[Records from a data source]
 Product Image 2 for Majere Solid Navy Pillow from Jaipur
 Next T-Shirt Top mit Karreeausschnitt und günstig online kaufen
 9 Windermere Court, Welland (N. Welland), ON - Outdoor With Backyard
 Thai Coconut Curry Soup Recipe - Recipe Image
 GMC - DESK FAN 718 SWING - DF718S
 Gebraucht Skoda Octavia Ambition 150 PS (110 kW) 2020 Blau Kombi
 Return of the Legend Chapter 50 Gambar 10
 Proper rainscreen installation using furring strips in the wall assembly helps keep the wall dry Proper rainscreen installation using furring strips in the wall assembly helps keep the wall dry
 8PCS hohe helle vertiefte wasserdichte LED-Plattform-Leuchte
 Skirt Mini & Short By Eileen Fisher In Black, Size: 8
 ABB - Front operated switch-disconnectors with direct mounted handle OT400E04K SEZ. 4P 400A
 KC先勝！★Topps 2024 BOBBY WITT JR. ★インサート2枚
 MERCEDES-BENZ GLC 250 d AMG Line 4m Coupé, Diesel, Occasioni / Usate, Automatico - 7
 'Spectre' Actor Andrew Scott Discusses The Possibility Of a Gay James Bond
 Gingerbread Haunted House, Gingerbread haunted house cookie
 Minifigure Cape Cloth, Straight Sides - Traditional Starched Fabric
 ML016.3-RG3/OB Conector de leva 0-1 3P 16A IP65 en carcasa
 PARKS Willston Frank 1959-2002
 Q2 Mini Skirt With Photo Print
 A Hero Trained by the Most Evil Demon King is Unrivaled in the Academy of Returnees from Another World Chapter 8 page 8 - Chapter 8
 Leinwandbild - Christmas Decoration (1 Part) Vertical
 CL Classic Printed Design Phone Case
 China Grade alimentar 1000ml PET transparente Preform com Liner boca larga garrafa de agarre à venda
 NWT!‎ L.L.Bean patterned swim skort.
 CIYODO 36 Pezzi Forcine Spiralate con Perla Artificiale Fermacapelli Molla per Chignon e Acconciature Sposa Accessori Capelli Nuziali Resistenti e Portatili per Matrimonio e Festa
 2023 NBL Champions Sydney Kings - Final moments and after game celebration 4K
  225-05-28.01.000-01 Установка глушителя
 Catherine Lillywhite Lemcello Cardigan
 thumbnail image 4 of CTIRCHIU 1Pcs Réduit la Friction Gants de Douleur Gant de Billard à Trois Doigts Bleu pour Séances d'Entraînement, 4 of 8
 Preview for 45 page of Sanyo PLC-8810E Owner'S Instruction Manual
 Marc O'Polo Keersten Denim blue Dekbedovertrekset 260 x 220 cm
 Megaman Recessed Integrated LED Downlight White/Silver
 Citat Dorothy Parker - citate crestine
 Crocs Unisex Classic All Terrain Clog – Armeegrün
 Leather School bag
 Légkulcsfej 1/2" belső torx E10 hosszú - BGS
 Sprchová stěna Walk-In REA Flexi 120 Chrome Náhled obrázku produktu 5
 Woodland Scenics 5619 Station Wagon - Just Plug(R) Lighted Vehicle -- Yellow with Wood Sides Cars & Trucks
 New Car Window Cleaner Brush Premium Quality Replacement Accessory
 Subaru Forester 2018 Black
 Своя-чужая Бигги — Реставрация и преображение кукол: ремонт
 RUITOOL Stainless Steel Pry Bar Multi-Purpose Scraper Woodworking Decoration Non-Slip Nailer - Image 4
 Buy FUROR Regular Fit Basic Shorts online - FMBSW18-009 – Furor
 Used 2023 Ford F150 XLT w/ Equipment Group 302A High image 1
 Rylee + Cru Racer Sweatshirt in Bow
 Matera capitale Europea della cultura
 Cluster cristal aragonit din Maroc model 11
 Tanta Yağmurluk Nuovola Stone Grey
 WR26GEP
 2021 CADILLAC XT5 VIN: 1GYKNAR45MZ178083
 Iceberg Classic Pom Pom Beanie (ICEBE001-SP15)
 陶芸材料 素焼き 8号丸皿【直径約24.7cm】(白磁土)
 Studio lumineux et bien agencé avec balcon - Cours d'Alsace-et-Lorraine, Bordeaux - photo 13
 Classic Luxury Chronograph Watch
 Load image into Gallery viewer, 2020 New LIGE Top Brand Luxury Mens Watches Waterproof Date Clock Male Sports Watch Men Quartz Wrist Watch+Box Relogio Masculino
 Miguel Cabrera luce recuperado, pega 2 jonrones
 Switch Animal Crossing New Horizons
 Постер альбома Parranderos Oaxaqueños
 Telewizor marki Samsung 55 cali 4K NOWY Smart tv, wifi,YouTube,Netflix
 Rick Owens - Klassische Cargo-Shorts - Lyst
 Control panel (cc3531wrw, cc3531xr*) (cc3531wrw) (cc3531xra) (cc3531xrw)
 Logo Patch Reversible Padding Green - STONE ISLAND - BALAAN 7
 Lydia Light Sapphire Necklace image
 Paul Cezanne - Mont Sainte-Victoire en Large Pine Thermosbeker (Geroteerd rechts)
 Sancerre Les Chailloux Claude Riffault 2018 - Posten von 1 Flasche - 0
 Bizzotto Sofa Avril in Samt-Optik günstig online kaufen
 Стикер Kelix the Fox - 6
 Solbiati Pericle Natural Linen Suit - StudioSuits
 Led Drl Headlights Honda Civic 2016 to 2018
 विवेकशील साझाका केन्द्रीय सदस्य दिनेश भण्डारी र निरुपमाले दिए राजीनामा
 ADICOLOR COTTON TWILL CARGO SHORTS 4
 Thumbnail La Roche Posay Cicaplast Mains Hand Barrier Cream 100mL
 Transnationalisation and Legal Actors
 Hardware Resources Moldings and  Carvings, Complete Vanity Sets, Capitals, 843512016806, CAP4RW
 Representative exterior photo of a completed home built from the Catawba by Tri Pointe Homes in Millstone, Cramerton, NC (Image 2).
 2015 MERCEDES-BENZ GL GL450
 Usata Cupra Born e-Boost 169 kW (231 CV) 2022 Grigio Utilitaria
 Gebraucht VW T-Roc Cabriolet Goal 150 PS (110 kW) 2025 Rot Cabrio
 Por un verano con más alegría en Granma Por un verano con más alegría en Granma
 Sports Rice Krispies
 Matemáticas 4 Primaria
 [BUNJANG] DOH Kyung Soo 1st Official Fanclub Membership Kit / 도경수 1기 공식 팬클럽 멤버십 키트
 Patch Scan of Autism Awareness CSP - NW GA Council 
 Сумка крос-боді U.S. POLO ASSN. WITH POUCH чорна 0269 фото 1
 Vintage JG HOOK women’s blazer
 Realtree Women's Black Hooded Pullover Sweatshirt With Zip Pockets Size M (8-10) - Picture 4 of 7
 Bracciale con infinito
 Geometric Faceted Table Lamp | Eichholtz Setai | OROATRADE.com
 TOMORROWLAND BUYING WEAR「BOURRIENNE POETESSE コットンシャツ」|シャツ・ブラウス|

The problem
The answer must be every line from the records above that contains the word "Decoration", copied out.

Answer space
 Leinwandbild - Christmas Decoration (1 Part) Vertical
 RUITOOL Stainless Steel Pry Bar Multi-Purpose Scraper Woodworking Decoration Non-Slip Nailer - Image 4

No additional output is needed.